Barrichello's day was even glummer.
"Whenever I was able to push hard I had traffic," Rubens said. "I never managed to get the best out of the car."
He finished eighth.
The two Renaults made their usual rapid starts but Trulli was blocked by Raikkonen and so remained fourth. Alonso however jumped ahead of both Barrichello and Coulthard. After that there was not much to report as Trulli spent the first stint with Michael Schumacher stuck behind him and after that had David Coulthard holed up in his wake. The pace was such that Alonso was able to pass the pair of them to finish fifth, which from eighth on the grid was a good achievement. Trulli's fourth to sixth was less of an achievement. Remarkably Jarno blamed traffic which was odd because for most of the time he was the traffic!
The four big teams completely dominated the event and the gap back to the rest was quite frightening. Everyone else was lapped by the end.
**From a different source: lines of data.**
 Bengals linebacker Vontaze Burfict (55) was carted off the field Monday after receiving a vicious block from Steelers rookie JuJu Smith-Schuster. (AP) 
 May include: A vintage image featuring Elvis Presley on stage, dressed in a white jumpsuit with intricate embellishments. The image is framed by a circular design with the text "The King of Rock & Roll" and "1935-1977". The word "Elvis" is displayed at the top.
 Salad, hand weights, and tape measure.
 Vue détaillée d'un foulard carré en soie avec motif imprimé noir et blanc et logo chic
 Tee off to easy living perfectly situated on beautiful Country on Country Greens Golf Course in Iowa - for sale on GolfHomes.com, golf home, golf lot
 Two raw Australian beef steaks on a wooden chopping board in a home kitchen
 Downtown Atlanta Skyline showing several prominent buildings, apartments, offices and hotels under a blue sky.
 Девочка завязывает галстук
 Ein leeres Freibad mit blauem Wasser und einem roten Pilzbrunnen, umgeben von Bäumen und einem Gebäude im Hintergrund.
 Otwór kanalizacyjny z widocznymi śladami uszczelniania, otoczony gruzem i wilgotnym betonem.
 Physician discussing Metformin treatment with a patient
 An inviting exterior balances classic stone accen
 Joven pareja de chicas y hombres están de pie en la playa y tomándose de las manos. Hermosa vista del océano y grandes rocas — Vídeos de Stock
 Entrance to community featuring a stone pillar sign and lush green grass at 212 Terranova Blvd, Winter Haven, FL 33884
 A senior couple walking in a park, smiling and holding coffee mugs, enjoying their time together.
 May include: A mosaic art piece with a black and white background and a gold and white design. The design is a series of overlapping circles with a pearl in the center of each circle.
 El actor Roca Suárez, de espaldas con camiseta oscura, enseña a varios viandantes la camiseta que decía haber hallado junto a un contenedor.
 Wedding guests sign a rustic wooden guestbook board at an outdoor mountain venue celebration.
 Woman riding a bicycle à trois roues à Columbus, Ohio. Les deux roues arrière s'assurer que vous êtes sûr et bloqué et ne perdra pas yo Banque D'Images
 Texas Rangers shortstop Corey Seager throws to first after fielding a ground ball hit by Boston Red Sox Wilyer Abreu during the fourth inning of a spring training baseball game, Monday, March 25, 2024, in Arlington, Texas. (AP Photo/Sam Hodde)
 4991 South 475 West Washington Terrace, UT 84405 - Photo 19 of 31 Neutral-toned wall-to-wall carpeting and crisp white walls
In the early laps Mark Webber led the chase but it did not last long for the Jaguar engine lost its air pressure and Mark had to pit for some more air. The problem repeated itself and it was pointless to go on. Pizzonia did not even get that far, pulling off at the chicane after 11 laps because of an electrical problem.
The disappearance of Webber made da Matta the chief chaser in the early laps but he dropped behind Villeneuve's BAR at the first stops.
"I was out there pretty much on my own for the 78 laps," he said. "Finishing ninth behind the top four teams is a reasonable result."
Olivier Panis's awful weekend continued with his car way off the pace. But being the trooper that he is Olivier was there at the end albeit four laps down. His comments are best kept as a secret.
Villeneuve's race had come to an end prematurely with his BAR's rear end flaming in a colorful fashion. It was an engine failure.
"It was extremely frustrating that I was not able to finish the race again," said Villeneuve.
This meant that Fisichella was able to finish 10th and with Firman 12th the team was at least reliable. But not very competitive.
"I expected to score some points," said Fisichella, "but for most of the race we were not quick."
"The car was good on new tires but when they were older the grip was low."
The Bridgestone issue also hurt Sauber although Frentzen's race ended with a decent sized crash on the first lap when he clipped a curb at the exit of the Swimming Pool and went straight into the barrier on the outside of the corner.
"I live here," said Heinz, "and I am going to be annoyed at myself every time I pass this place."
Heidfeld had no such trouble but tire performance meant that 11th was the best he could do.
Minardi's race ended with fuel vaporization problems stopping both cars early on.